O raio partido
O Tatra 603 parou próximo à uma esquina, numa ladeira que conduzia para a saída norte da vila. Uma casa (de tijolos vermelhos, não de pedra, como era comum em Reeddak) tivera seu quintal convertido numa pequena oficina de consertos de bicicletas, ostentando na fachada uma placa desbotada onde se lia "Damstra & Irmãos". No interior, uma mulher grandalhona, macacão jeans e camisa de flanela vermelha, trocava um raio partido na roda duma bicicleta. Ainda na calçada, Derre bateu palmas.
- Oh de casa!
A mulher parou o trabalho e encarou o visitante, sobrolhos erguidos.
- Derre Huisman... a que devo a honra?
O motorista abriu os braços.
- Vim lhe trazer uma nova cliente, trate-a bem!
E apontando para a fachada:
- Não está na hora de trocar essa placa e colocar algo como "Damstra & Filhos"?
A mecânica fez um muxoxo.
- A loja já se chamava assim no tempo do meu avô.

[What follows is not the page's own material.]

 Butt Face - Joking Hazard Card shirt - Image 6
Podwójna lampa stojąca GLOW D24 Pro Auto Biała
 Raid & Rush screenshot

E quem é a cliente?
Derre fez sinal para que Sjutsje se aproximasse.
- Sjutsje Ykema, formada pelo Liceu na capital.
- A senhora é Libeltsje, prima de Goaris? - Indagou a jovem, mão estendida.
A mulher a encarou surpresa.
- Você é tão nova... que idade tem?
- Fiz 22 em 31 de Folsleinens - disse Sjutsje, sentindo-se como se fosse uma criança interrogada por adultos.

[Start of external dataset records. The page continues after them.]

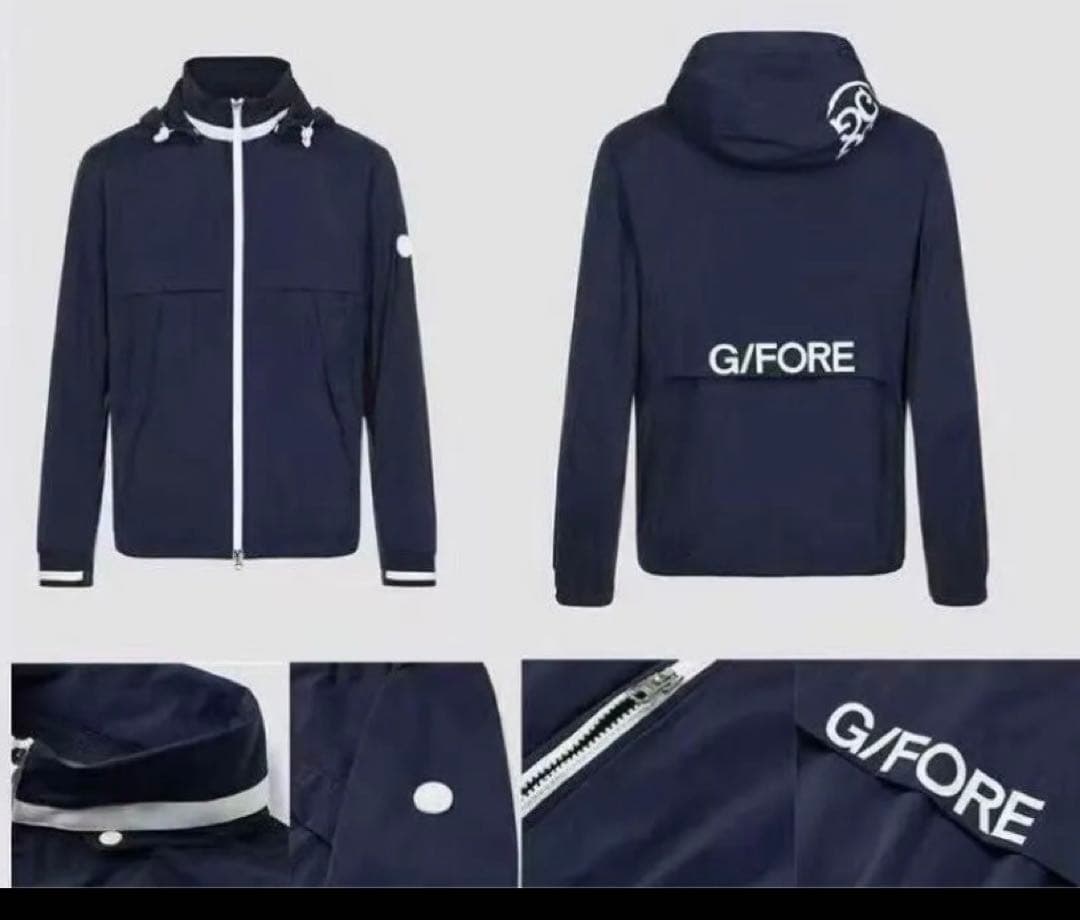 ゴルフ G/FORE ジーフォア メンズ ジャケット アウター（Lサイズ）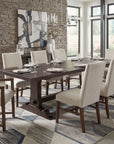 Driftwood - Upholstered Side Chair (Set of 2) - Beige / Worn Saddle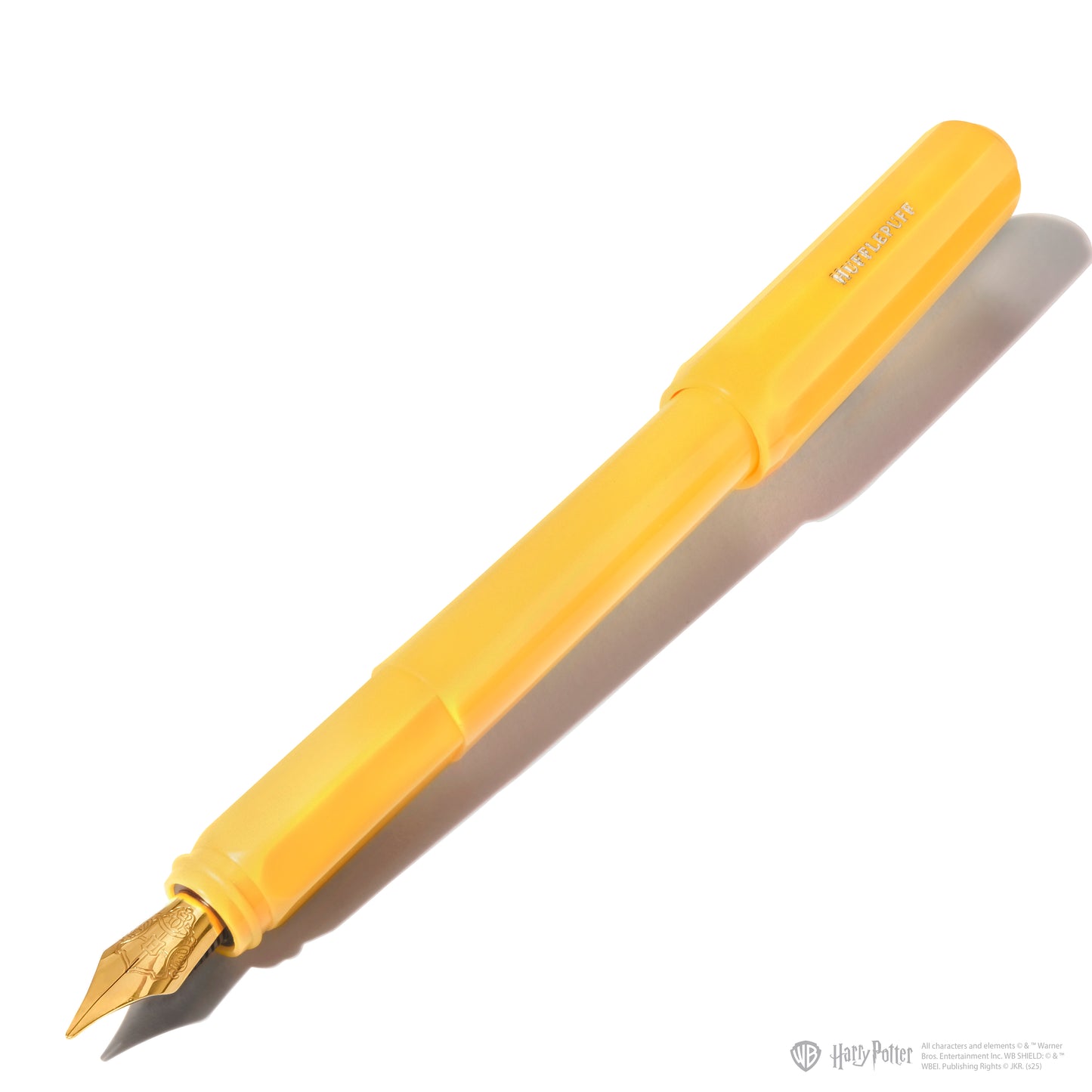 FERRIS WHEEL PRESS(フェリスホイールプレス) Warner Bros. Harry Potter Houses of Hogwarts 万年筆 カルーセル 中字 & インク 10ml ハッフパフ【ラメ入り】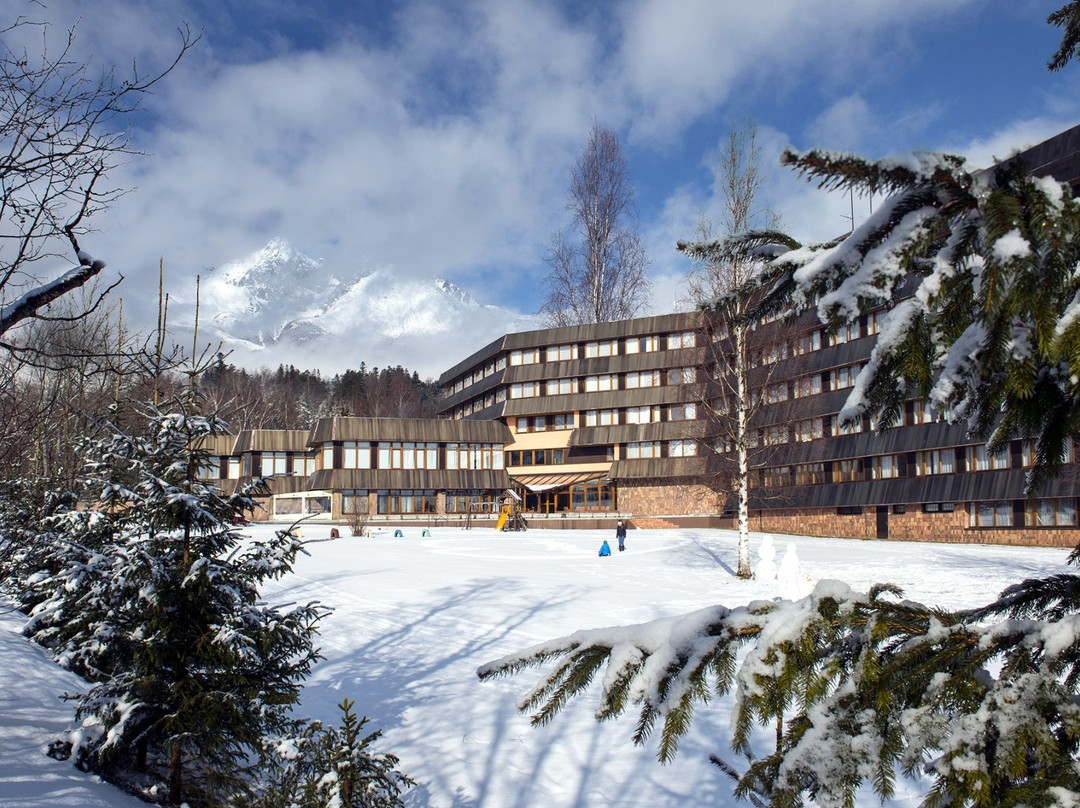 Tatranska Lomnica酒店住宿-Hotel SOREA TITRIS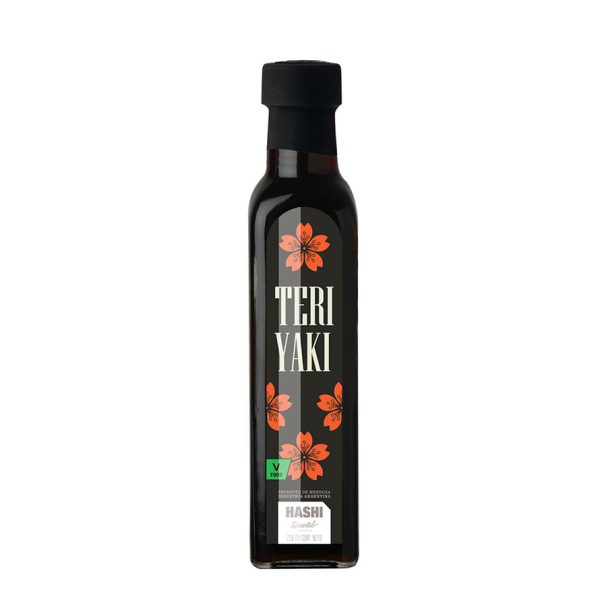 S. HASHI TERIYAKI SAUCE X 250 ML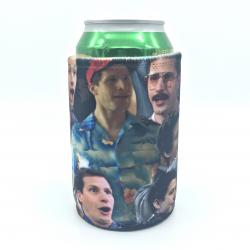 COLLAGE STUBBY HOLDER COLLAGE STUBBY HOLDER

Erguendo-se da banqueta onde estivera sentada, a mecânica virou o cotovelo direito para Sjutsje, o que fez esta recuar um passo.

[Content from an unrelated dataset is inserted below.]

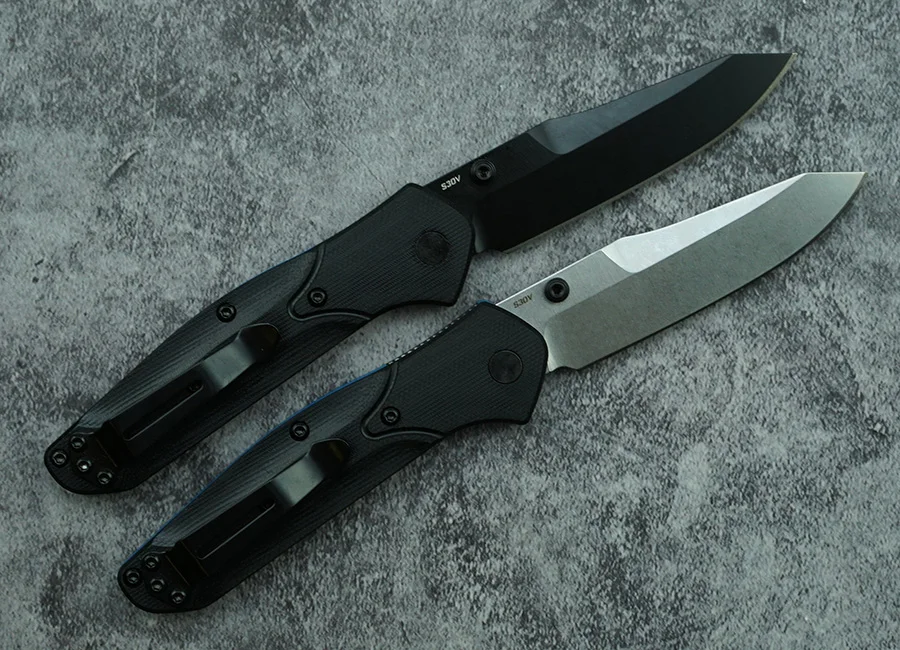 Benchmade Mini 945 S30V G10 – cuchillo plegable EDC táctico - imagen 3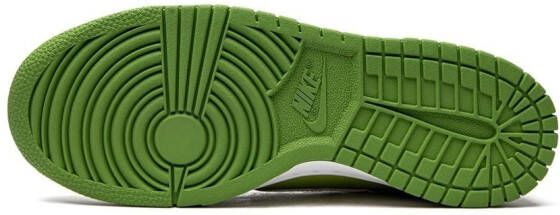 Nike Kids Dunk Low sneakers Groen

- Bata aqui, estou com as mãos sujas de graxa - tranquilizou-a. - E sim, eu sou Libeltsje Damstra.
Desajeitadamente, Sjutsje virou o braço e bateu com seu cotovelo no da mecânica, que a olhou de cima a baixo.
- Como então, a senhora Wassenaar já arranjou outra aprendiz - comentou de modo casual. - Foi rápido, não, Derre?
O motorista deu de ombros.
- A cada nova rodada, o Birô Central fica mais preciso em suas escolhas; a senhorita Sjutsje é fruto deste processo contínuo de aperfeiçoamento, e esperamos ter mais sucesso com ela do que com a última convocada.
Sem tirar os olhos de Sjutsje, Libeltsje fez um aceno de concordância.
- Posso sentir daqui - murmurou.
E voltando as palmas das mãos manchadas de graxa para a jovem, semicerrou os olhos durante alguns instantes.
- Percebo o que viram nela - declarou por fim. - Sim, foi uma boa escolha...
- Eu lhe disse - assegurou Derre, com orgulho.
Sjutsje olhava de um para o outro, até que não se conteve e perguntou:
- O que houve com a última convocada?
A mecânica e o motorista entreolharam-se.
- Você vai conhecê-la - disse Derre. - Ela ainda mora aqui, em Reeddak.
E batendo palmas para mudar de assunto:
- A mocinha vai precisar de uma bicicleta, Libeltsje. Que tal preparar uma para ela?